This blog is intended to go along with Population: An Introduction to Concepts and Issues, by John R. Weeks, published by Cengage Learning. The latest edition is the 13th (it will be out in January 2020), but this blog is meant to complement any edition of the book by showing the way in which demographic issues are regularly in the news.

You can download an iPhone app for the 13th edition from the App Store (search for Weeks Population).

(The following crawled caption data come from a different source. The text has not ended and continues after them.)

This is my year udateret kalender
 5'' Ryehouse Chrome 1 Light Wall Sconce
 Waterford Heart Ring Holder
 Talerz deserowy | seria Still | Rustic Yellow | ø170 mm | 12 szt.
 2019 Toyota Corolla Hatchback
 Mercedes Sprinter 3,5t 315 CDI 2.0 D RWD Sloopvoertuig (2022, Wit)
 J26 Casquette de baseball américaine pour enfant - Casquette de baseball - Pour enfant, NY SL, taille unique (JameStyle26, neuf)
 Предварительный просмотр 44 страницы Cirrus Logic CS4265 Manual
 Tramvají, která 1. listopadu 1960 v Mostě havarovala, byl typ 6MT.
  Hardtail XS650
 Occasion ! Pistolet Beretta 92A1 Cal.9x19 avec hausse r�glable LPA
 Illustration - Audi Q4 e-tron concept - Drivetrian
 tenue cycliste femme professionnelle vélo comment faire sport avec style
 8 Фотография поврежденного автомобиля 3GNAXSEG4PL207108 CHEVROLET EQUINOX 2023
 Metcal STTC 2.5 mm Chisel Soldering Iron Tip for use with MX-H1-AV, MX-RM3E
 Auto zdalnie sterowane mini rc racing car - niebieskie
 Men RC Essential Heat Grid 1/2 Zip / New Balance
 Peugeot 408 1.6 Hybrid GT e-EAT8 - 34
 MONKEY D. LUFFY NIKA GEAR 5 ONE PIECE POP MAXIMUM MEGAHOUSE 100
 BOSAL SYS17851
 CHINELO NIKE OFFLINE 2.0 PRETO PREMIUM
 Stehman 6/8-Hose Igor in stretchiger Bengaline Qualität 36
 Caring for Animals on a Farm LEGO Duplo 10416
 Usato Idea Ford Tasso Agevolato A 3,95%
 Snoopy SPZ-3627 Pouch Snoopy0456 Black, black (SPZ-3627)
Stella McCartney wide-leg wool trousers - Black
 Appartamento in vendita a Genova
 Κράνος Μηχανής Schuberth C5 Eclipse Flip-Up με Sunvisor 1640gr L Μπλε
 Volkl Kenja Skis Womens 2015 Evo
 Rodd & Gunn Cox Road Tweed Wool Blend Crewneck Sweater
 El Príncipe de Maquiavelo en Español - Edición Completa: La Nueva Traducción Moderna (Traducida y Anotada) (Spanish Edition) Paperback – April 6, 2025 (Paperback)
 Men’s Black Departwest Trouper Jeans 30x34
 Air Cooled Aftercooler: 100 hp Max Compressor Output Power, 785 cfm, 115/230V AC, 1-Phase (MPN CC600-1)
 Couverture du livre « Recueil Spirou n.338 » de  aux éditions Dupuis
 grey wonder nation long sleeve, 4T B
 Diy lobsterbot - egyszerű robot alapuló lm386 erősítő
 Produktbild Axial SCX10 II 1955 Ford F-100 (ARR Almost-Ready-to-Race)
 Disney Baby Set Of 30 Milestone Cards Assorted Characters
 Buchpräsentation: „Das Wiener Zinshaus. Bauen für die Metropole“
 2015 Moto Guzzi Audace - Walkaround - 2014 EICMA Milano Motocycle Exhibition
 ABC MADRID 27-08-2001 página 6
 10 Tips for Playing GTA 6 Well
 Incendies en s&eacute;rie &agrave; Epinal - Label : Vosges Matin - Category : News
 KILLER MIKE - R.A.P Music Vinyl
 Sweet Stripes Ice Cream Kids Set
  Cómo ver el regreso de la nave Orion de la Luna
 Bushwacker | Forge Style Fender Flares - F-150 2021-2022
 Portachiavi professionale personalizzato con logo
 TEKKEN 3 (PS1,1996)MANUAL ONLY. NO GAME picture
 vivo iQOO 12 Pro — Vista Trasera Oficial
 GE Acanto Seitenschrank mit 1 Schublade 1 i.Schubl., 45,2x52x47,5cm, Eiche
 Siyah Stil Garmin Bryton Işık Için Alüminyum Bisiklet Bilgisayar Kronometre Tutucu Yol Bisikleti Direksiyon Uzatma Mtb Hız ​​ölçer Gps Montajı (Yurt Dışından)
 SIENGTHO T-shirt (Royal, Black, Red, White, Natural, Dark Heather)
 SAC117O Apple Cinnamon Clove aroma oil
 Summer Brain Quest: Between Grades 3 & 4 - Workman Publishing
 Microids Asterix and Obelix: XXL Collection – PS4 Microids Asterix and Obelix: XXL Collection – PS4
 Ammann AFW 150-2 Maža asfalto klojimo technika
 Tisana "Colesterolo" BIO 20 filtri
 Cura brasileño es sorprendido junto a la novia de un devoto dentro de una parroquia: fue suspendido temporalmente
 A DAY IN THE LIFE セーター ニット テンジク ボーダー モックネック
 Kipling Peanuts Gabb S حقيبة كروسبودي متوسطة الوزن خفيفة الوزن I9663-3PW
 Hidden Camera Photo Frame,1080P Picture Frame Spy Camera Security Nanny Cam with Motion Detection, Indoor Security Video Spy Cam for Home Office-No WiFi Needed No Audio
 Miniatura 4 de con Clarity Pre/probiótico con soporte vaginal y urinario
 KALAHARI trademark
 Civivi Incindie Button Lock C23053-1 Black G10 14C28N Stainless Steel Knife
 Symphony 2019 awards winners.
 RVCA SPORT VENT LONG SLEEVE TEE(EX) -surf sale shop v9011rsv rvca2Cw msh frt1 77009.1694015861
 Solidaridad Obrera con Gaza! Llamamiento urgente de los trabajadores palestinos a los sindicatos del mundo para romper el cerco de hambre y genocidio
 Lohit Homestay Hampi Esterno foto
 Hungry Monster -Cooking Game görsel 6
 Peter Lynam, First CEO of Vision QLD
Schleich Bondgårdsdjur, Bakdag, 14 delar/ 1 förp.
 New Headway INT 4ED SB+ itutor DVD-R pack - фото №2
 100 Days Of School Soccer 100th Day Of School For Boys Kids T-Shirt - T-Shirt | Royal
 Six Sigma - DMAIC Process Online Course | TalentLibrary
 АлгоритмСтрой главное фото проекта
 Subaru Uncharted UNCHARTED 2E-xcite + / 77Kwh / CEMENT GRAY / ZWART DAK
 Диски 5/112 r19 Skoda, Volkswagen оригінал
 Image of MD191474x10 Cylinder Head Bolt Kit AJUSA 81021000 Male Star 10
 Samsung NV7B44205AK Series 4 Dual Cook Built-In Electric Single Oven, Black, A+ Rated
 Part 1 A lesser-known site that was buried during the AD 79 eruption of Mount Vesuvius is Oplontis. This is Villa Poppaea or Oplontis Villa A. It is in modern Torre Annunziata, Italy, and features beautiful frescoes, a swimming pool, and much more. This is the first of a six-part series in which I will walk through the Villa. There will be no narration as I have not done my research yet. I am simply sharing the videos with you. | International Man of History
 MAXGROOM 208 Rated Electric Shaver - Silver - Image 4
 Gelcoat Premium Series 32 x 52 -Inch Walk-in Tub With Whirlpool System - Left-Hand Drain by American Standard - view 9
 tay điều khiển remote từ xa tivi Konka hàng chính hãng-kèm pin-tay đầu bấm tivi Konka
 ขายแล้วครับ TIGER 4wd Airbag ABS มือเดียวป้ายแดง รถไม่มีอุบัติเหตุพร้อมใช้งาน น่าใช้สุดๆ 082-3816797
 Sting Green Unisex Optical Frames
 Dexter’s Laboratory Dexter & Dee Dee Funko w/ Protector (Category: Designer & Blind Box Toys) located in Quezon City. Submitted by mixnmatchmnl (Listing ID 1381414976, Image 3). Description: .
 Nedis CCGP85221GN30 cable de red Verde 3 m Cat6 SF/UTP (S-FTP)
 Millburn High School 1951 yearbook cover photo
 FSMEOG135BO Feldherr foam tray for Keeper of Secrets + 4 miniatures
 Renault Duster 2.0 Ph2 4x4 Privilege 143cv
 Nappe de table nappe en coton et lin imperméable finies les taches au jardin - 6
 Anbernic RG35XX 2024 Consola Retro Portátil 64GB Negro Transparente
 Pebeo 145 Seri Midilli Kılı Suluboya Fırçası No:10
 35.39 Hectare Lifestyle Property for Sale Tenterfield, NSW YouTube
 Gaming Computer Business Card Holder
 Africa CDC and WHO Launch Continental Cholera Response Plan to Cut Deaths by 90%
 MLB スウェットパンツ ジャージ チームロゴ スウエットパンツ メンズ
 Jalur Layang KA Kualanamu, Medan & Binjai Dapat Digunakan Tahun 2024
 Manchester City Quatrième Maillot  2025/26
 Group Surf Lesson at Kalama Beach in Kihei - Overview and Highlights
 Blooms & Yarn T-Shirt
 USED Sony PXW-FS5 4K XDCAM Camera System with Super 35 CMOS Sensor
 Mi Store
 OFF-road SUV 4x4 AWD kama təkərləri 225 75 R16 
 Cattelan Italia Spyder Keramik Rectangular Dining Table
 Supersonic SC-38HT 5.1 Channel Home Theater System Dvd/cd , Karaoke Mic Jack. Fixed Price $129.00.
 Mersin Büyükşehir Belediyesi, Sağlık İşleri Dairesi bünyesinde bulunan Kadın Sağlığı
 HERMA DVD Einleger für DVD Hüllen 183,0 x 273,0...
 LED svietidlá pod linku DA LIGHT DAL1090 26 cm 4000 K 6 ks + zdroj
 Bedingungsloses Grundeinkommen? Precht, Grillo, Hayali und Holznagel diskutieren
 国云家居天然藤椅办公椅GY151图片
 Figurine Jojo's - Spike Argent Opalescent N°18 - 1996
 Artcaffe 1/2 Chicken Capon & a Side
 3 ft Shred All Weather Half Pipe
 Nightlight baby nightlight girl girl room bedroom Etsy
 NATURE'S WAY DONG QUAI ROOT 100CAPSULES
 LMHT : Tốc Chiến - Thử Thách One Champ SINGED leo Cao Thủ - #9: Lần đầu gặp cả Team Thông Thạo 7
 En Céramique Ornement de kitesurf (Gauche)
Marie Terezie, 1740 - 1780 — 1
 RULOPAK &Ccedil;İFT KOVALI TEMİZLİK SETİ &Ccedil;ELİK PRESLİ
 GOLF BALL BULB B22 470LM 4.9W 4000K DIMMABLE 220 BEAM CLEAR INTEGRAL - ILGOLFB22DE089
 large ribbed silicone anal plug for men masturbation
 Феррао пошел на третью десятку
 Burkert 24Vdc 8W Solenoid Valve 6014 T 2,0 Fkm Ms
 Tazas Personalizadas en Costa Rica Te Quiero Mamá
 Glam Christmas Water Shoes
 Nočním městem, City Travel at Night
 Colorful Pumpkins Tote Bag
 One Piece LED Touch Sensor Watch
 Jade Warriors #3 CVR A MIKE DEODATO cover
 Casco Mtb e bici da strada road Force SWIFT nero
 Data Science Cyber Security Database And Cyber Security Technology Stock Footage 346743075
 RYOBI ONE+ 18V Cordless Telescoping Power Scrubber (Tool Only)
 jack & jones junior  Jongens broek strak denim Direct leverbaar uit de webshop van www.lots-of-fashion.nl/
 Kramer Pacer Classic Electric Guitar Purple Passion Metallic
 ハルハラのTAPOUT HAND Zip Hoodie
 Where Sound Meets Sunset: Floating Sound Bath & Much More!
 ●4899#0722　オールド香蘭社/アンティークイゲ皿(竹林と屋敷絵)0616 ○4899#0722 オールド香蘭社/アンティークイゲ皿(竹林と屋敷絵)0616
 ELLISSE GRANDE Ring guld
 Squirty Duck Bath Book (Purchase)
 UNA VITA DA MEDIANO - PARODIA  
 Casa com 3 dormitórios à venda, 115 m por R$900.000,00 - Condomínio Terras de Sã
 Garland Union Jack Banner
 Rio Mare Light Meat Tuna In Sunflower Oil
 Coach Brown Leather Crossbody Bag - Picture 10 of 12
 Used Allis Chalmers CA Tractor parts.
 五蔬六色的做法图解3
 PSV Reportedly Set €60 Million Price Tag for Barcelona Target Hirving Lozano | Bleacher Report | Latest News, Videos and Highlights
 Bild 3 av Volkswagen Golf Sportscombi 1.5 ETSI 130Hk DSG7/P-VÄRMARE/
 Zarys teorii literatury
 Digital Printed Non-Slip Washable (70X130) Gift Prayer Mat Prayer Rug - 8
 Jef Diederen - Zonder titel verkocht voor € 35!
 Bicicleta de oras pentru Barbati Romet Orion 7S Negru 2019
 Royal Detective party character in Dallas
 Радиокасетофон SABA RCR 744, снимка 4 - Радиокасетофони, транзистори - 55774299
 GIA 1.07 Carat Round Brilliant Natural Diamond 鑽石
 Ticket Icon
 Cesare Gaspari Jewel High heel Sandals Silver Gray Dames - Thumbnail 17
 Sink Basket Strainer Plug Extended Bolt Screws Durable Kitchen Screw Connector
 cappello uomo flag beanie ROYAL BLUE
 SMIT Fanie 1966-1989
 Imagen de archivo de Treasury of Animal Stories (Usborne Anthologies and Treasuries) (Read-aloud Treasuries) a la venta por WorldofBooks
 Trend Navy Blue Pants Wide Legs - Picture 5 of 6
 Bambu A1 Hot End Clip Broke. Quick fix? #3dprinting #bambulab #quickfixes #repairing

If you are a user of my textbook and would like to suggest a blog post idea, please email me at: john.weeks@sdsu.edu

Monday, October 1, 2012

There Ain't No Such Thing as a Free Lunch

Most of the major news media covered the death yesterday of Barry Commoner at age 95. He was one of the early gurus of the global environmental movement, helping it to gain traction in the 1960s and 70s. He was a supporter of the First Earth Day in 1970 and that year Time magazine put him on its cover. At the same time, he was out of step with many people because, like so many Marxists, he did not accept the idea that population growth was very important when it came to the environment. Daniel Lewis, writing in the New York Times has a good summary of the story:
Dr. Commoner took aim at the “neo-Malthusians,” as he called those who, like the English scholar Thomas Malthus, foresaw perils in population growth. In a panel discussion with Dr. Ehrlich in 1970, he said it was “a cop-out of the worst kind” to say that “none of our pollution problems can be solved without getting at population first.”
He elaborated in his best-known book, “The Closing Circle,” published the next year. Reducing population, Dr. Commoner wrote, was “equivalent to attempting to save a leaking ship by lightening the load and forcing passengers overboard.”
“One is constrained to ask if there isn’t something radically wrong with the ship.”
This kind of resistance to seeing the whole picture of the world was uncommon for Commoner, whom everyone praised as an excellent scientist. So, despite his turning a blind eye to what, in my opinion, is the single biggest issue the world faces, Commoner's environmental legacy is nonetheless extremely important. He is perhaps best known for his four informal rules of ecology: (1) everything is connected to everything else; (2) everything must go somewhere; (3) nature knows best; and (4) my personal favorite, with just a bit of editing that others have provided--there ain't no such thing as a free lunch (TANSTFL).